PROBLEM DESCRIPTION: Copy only the lines from the one with "Tanglewood Soprano Uke" through the end of the records, exactly as they stand. No pictures belong in the copy.

(Stored items)
+ + + + +
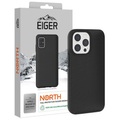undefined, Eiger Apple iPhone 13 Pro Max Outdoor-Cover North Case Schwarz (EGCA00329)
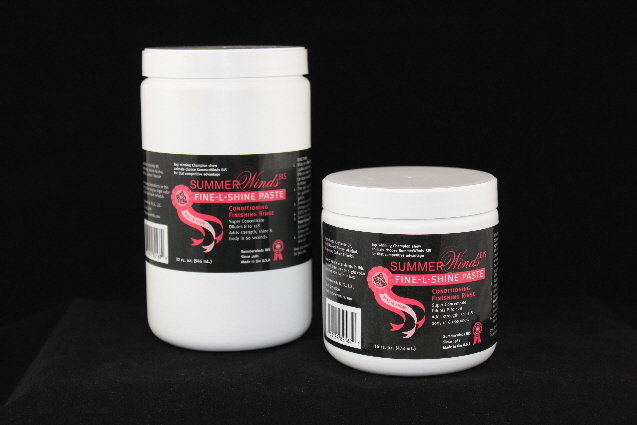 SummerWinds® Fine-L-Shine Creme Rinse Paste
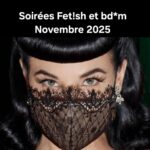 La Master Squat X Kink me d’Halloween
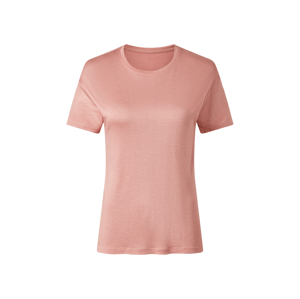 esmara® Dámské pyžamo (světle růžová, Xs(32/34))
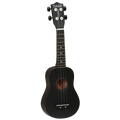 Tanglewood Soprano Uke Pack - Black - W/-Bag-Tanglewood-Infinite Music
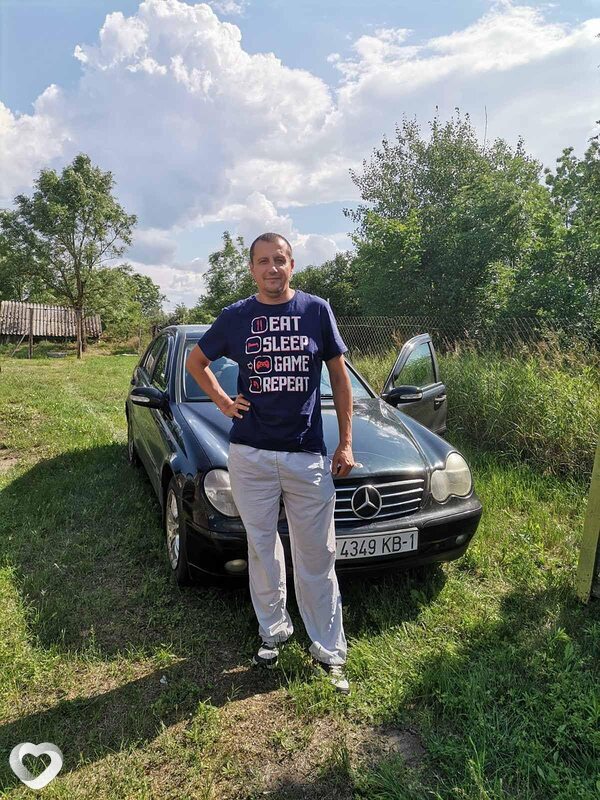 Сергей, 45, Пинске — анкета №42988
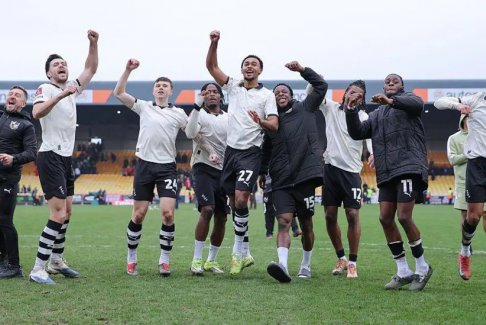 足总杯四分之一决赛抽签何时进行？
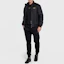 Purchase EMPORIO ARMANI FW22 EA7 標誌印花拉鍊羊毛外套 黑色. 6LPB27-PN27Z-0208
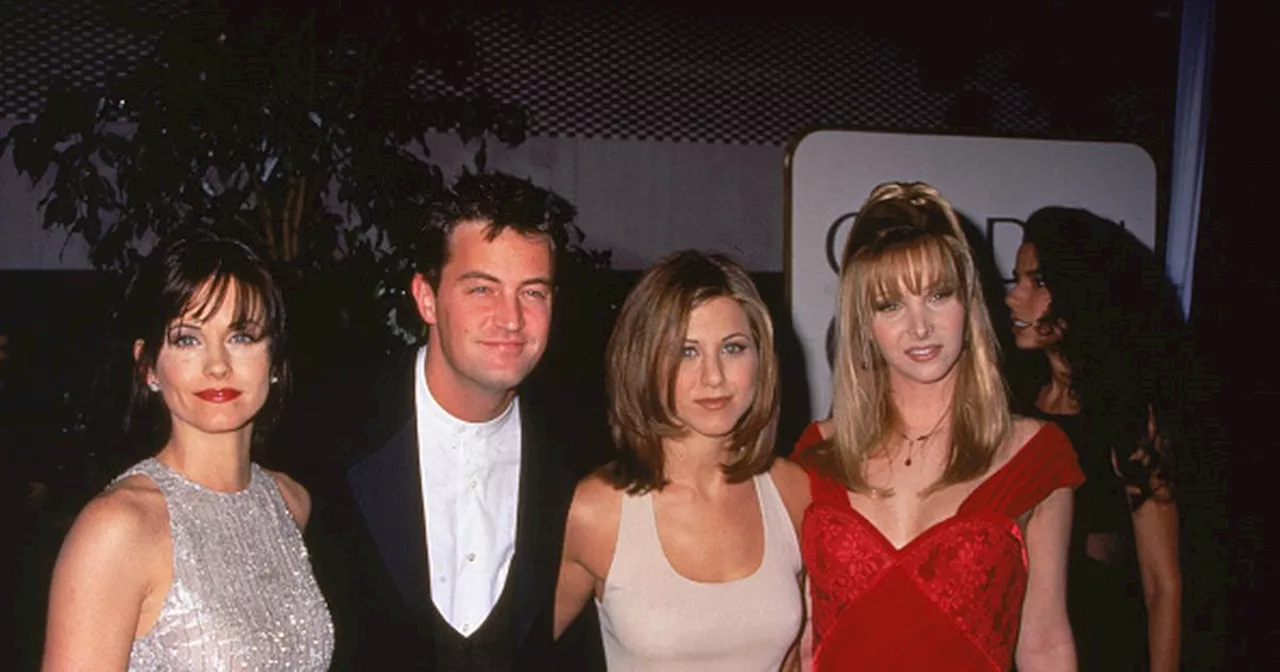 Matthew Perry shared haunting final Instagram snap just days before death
+ + + + +
RESPONSE TO THE EXERCISE:
 Tanglewood Soprano Uke Pack - Black - W/-Bag-Tanglewood-Infinite Music
 Сергей, 45, Пинске — анкета №42988
 足总杯四分之一决赛抽签何时进行？
 Purchase EMPORIO ARMANI FW22 EA7 標誌印花拉鍊羊毛外套 黑色. 6LPB27-PN27Z-0208
 Matthew Perry shared haunting final Instagram snap just days before death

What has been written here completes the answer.